Taleb employed a “barbell strategy”—that is, two risk extremes with no medium level. He put a big majority of his money in the safest assets he could find, such as treasury bills or cash. The rest he put into what are called way out of the money options—put options that are massively below the current market price of the stock, or call options that are massively above, and are priced as being extremely improbable events. The strategy is to make sure you could lose all of your money each time without getting wiped out, because you only need to be right once. And indeed, in the 1987 crash Taleb made tens of millions of dollars, and in the 2008 crash he did it again.
There is a similar strategy available to those who would devote themselves to a craft. The heart of Taleb’s philosophy is that you should minimize the downside risk to yourself, while maximizing the potential upside. When it comes to a craft, the best way to accomplish this is to prepare yourself for the possibility that all you will get out of it is the enjoyment of doing something well. Meanwhile, you should be putting your work out on the public web in order to make it possible for it to get a lot of attention—but again, only if you can emotionally prepare yourself for the fact that it probably won’t.
By Adam Gurri over at The Umlaut. Lots of good advice within, the economic lens being a fresh one on the truism to follow one's passion.
A corollary is not living too far beyond one's means so far that you can't even purchase some options.

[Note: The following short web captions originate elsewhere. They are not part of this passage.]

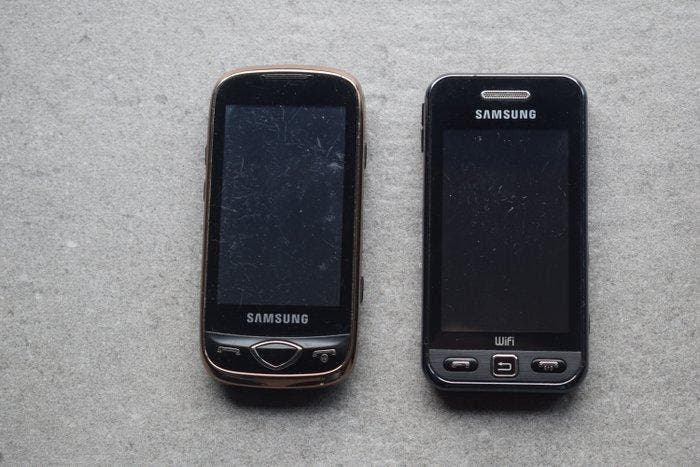 Samsung - Mobiele telefoon (2), Spelcomputers en Games, Spelcomputers | Overige Accessoires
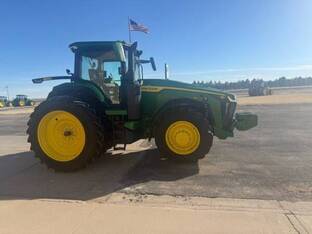 2024 John Deere 8R 230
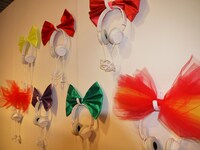 大きなリボンの付いた音声ガイダンス。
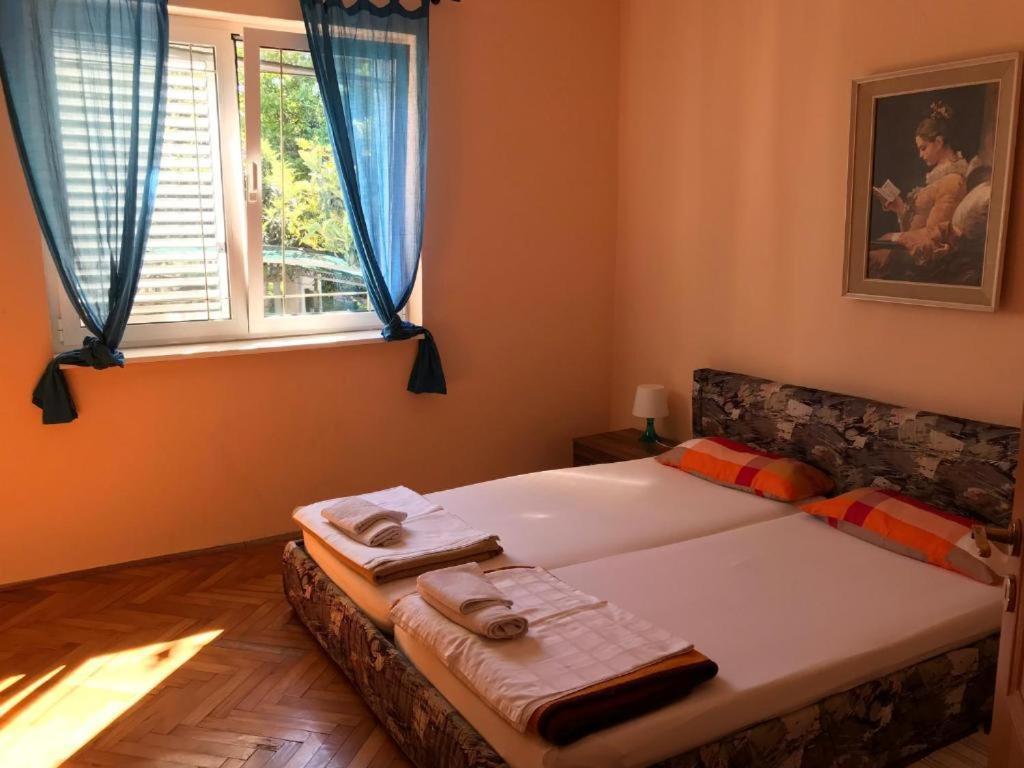 Apartment Pero Murter Eksteriør billede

I'm not sure I agree with Gurri that "modern levels of affluence allows people to work a job the market will pay them for and still have time left over to devote to something they genuinely love," at least not as a rule rather than a privileged exception.
When I left my job at Amazon to go to film school, I was starting over, from the bottom rung, but I had the luxury of some savings from having worked a while to allow me to focus on filmmaking without having to take out exorbitant loans or work a side job waiting tables.
But many of my classmates graduated with a crippling debt overhang, and that comes with a real cost, both physical and mental. To be, as Taleb put it, antifragile, you need, as a budding filmmaker, to be able to pay your rent and buy enough ramen to keep yourself somewhat healthy, you need health insurance, you need those things that limit your you from catastrophic downside while allowing you some freedom to work on your craft, to purchase those options which might, though the odds are long, cash in.
It sounds so sensible: limit your downside, give yourself a chance at massive upside. And yet we romanticize the story of the long shot who puts it all on the line, has everything to lose, and against the longest of odds achieves massive prosperity. This is, depending on how you look at it, a good thing, giving hope to those who face the longest of odds, or dangerous mythology.